> **DESCRIPTION OF THE TASK**:
Each line of the material that includes the string "same" counts once; report the total and nothing further.

> **RECORDS SHOWN**:

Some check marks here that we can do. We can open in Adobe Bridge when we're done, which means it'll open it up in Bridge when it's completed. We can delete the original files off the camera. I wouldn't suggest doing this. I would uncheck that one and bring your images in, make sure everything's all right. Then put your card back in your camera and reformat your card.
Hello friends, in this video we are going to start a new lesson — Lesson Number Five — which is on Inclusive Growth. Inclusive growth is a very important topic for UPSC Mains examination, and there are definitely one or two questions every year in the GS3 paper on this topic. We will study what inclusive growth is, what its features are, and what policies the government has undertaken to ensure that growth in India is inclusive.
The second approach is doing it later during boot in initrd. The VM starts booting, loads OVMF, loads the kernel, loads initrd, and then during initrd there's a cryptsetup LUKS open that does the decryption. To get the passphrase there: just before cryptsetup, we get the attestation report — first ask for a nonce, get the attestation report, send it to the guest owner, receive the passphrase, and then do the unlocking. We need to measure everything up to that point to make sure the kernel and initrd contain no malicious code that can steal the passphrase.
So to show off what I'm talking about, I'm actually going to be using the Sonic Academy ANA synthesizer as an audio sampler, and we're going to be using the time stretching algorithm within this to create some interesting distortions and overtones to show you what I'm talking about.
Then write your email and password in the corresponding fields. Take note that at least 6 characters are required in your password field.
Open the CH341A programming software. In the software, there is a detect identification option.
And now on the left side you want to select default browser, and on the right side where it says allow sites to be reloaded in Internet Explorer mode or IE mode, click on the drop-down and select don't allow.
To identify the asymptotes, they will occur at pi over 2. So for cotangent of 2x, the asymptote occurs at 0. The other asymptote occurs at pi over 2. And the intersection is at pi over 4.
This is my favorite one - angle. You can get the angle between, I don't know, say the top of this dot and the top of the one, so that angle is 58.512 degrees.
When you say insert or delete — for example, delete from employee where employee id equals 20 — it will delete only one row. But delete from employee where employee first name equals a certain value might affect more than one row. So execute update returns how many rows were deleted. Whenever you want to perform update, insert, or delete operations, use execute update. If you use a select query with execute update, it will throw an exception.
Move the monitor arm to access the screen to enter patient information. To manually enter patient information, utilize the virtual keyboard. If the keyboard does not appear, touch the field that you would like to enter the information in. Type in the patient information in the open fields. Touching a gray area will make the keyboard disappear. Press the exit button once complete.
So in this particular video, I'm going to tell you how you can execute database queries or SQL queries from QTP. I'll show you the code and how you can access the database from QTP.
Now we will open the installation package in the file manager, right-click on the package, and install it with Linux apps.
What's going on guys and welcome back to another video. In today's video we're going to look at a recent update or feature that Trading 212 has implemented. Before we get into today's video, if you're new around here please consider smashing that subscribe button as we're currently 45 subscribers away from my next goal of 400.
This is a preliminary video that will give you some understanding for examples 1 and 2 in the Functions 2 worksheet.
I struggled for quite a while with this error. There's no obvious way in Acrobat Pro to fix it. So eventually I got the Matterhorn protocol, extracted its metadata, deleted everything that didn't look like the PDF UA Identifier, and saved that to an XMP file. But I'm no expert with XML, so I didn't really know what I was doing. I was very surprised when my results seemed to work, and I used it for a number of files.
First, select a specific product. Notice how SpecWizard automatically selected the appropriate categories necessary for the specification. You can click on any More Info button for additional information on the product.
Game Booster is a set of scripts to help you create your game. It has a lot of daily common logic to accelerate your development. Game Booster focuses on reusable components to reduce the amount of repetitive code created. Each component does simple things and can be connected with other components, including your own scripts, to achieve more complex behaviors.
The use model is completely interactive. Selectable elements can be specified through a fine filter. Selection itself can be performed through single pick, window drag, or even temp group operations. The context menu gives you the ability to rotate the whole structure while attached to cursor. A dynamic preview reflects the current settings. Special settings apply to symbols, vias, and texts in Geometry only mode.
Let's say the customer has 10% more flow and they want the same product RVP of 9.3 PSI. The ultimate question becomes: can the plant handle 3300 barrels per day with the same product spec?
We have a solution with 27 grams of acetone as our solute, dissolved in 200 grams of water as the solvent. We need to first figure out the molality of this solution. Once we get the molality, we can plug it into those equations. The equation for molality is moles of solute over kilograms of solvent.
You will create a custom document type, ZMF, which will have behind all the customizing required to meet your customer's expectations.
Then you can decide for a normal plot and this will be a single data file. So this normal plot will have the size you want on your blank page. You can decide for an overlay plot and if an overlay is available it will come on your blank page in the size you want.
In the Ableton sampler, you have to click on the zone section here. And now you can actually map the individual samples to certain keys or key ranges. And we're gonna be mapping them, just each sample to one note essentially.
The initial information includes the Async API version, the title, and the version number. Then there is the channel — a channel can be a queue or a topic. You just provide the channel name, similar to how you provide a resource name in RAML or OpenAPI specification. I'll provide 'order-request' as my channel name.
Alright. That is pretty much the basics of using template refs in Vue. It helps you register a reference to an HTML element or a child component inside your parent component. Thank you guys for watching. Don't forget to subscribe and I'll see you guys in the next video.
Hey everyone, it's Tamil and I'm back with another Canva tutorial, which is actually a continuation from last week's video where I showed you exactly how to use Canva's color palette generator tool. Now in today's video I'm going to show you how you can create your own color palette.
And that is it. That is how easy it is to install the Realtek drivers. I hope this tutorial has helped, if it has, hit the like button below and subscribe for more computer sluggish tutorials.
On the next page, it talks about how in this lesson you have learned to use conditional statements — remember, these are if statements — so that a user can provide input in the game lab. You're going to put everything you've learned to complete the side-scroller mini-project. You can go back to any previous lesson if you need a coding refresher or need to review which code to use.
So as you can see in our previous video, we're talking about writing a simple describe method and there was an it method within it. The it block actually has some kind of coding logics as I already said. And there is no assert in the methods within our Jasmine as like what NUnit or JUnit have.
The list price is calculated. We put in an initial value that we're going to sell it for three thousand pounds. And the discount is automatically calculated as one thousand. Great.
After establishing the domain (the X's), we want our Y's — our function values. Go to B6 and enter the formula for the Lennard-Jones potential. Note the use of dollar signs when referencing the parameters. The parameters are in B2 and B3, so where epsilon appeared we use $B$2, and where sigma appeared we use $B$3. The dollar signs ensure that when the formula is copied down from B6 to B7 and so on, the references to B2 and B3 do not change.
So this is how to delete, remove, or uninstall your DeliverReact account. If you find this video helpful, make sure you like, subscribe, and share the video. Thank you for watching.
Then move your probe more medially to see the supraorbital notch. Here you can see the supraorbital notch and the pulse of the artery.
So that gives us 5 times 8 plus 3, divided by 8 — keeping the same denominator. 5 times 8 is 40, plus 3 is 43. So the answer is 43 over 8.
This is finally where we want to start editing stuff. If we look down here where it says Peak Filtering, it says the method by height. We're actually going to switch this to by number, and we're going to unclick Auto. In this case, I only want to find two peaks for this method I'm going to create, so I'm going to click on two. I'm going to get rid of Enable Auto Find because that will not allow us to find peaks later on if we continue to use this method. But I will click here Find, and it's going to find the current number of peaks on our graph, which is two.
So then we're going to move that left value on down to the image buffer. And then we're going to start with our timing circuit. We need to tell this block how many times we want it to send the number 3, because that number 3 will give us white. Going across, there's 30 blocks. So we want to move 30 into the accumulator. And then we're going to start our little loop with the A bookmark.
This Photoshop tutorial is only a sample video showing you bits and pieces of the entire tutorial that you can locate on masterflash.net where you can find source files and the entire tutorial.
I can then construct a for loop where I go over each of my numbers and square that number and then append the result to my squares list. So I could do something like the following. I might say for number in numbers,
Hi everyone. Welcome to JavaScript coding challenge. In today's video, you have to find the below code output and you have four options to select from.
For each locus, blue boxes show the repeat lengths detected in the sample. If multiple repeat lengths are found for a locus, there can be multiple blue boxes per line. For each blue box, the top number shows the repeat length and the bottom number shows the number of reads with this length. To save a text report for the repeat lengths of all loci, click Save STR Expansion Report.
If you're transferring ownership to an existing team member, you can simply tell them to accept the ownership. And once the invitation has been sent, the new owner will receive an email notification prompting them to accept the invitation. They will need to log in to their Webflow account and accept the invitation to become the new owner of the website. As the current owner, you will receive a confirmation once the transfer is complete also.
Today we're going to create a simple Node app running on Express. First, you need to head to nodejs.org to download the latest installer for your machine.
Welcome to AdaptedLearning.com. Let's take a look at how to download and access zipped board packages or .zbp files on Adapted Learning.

> **YOUR SOLUTION**:
2